Kevin Fenzi <kevin@xxxxxxxxx> · Sat, 22 Apr 2017 07:42:18 -0600

Greetings.

As everyong likely knows we had a long outage yesterday of our primary
datacenter (PHX2). It started around 14:45 UTC and lasted until around
06:45UTC saturday morning.

The outage was networking/routing related, but we don't know any further
details. Happy to share what we know and can share when investigations
are completed.

The purpose of this email however is to talk about what we might be able
to easily adjust to handle things like this moving forward. Happily
these sorts of outages are very rare, but there's a few things I think
we can do to make them a bit easier on us.

First, lets talk about things that went well:

* The mirrorlist containers worked great, so mirrorlist impact was low
(but not nothing, see below).

* Our distributed proxy system meant things like getfedora.org and other
static websites were fine.

* Our mirror network + metalinks/mirrorlists meant that people could
still get updates, etc just fine.

* status.fedoraproject.org was just great and even survived slashdotting
(well, thats not all it used to be :)

And some things could have been better:

* We couldn't take proxy01/10 (The two proxies at phx2) out of dns
because we didn't have the dnssec keys available anywhere to write new
data out. This meant that sometimes people would hit those in dns and
get a timeout and have to retry.

* We couldn't reach our offside backups at RDU2. Currently we access
them via a VPN that is from PHX2. We could of course have bugged someone
to get us access, but they were all busy with the outage.

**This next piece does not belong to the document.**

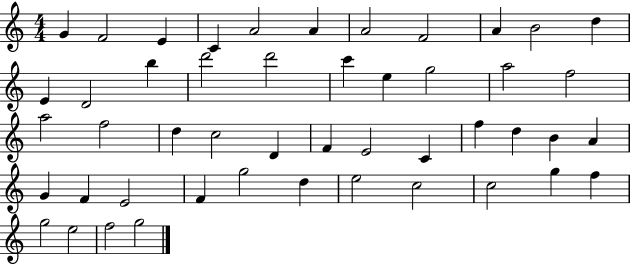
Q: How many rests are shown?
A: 0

* geoip was down, so might have affected installs. We may be able to
move this to a container.

* sudo anywhere depends on fas being up, but it was not, so the only way
we could get root on vm's was to go to console and login directly as root.

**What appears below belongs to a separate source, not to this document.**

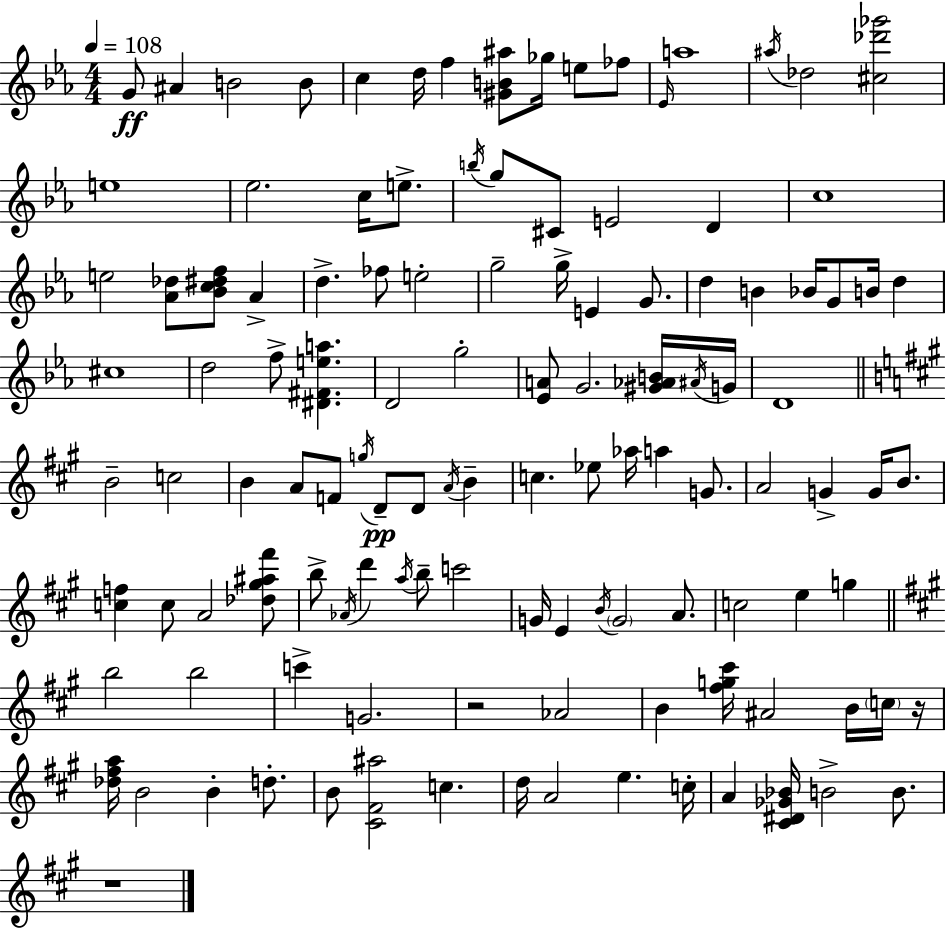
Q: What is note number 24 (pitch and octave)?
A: C5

We also did a bit of brainstorming on IRC for what we could do if an
outage like this happened again and was longer. Without a bunch of new
hardware somewhere the buildsystem side of things wouldn't be very
practical to bring up anywhere else, but we could bring some non build
related services back up in other datacenters. Or at least improve the
errors they give.

So, IMHO, some action items we might consider:

* Create a batcave02.rdu that has all our repos, ansible keys and dns
keys. We can then use this to push things out if needed. It shouldn't be
too hard to pull from batcave01 or otherwise keep things in sync.

* Consider having a tested set of configs for a long outage like this:
haproxy/apache could be adjusted to show a outage page for all the down
services and we could bring things up more gradually.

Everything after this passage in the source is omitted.